- WHAT IS NEEDED
Below is a block of records; return all of them exactly, but without the images.
■ ■ ■ ■ ■
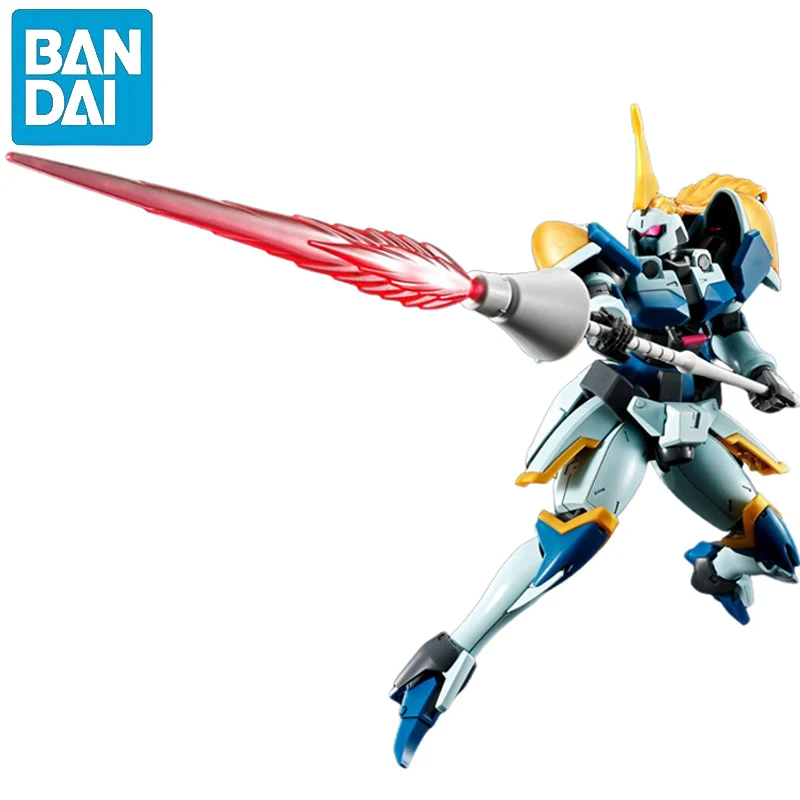 

Оригинальный BANDAI PB LIMITED HG:AC 1/144 Gundam OZ-06MS-SR3 LEO R, аниме-фигурки, сборная модель, коллекция игрушек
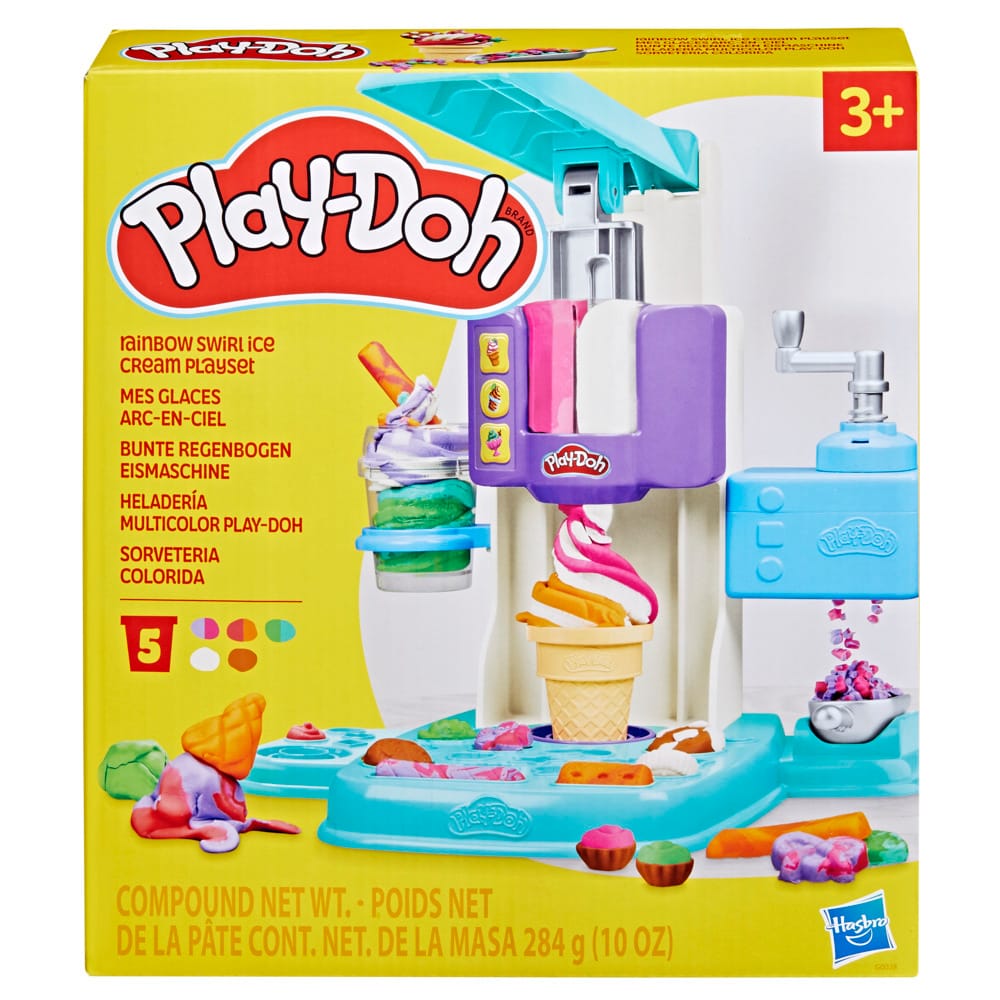Пластилин Play-Doh Закрученная мороженица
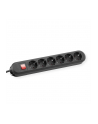 Bachmann SMART 6x Gniazd black 1xprzełącznik - nr 8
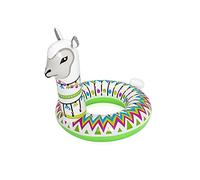 BESTWAY - Flotador Hinchable Infantill Alpaca 113 x 109 cm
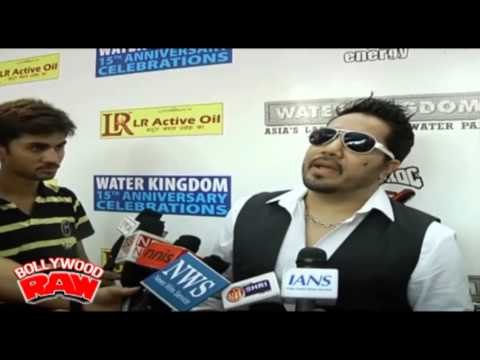 WITNESS PERFORMANCE OF MIKKA SINGH @ WATER KINGDOM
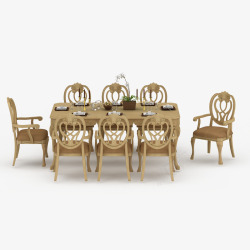 简单木制北欧茶几棕色木制简单纯色北欧餐桌高清图片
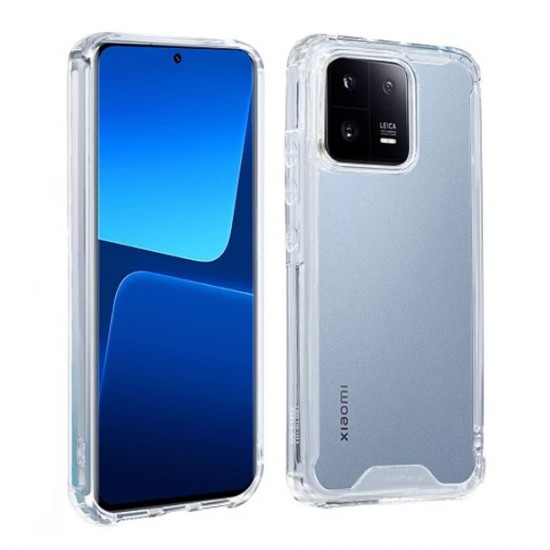 Capa Silicone Dura Xiaomi 13 Pro Transparente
■ ■ ■ ■ ■
- ANSWER SPACE
Оригинальный BANDAI PB LIMITED HG:AC 1/144 Gundam OZ-06MS-SR3 LEO R, аниме-фигурки, сборная модель, коллекция игрушек
Пластилин Play-Doh Закрученная мороженица
 Bachmann SMART 6x Gniazd black 1xprzełącznik - nr 8
 BESTWAY - Flotador Hinchable Infantill Alpaca 113 x 109 cm
 WITNESS PERFORMANCE OF MIKKA SINGH @ WATER KINGDOM
 简单木制北欧茶几棕色木制简单纯色北欧餐桌高清图片
 Capa Silicone Dura Xiaomi 13 Pro Transparente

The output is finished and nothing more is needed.